Data provided: Begin

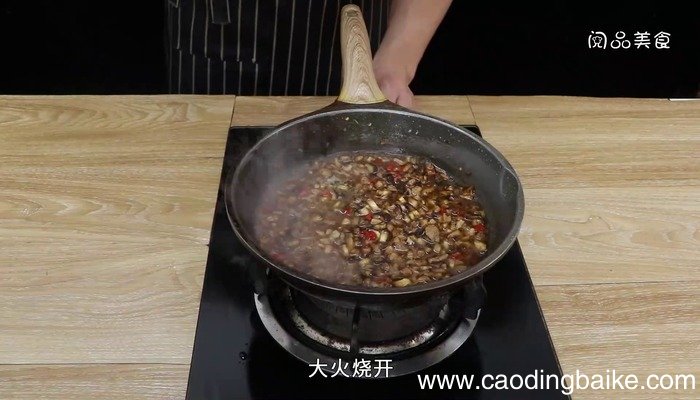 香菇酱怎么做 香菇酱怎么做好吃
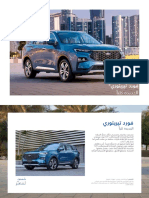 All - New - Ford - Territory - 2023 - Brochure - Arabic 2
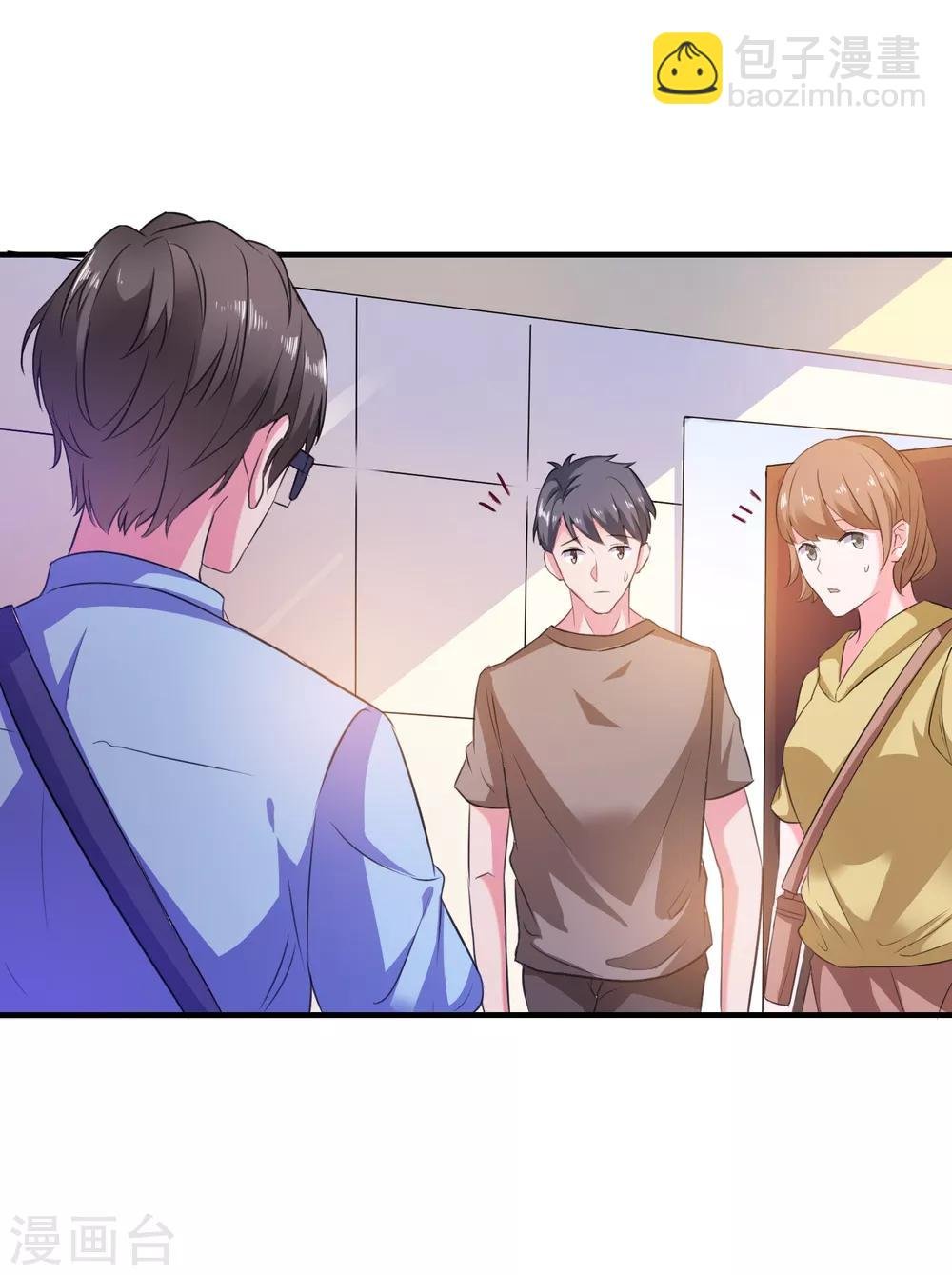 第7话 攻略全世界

Data provided: End

Task directions
Everything in the data except the pictures should be restated word for word.

Solved exercise
 香菇酱怎么做 香菇酱怎么做好吃
 All - New - Ford - Territory - 2023 - Brochure - Arabic 2
 第7话 攻略全世界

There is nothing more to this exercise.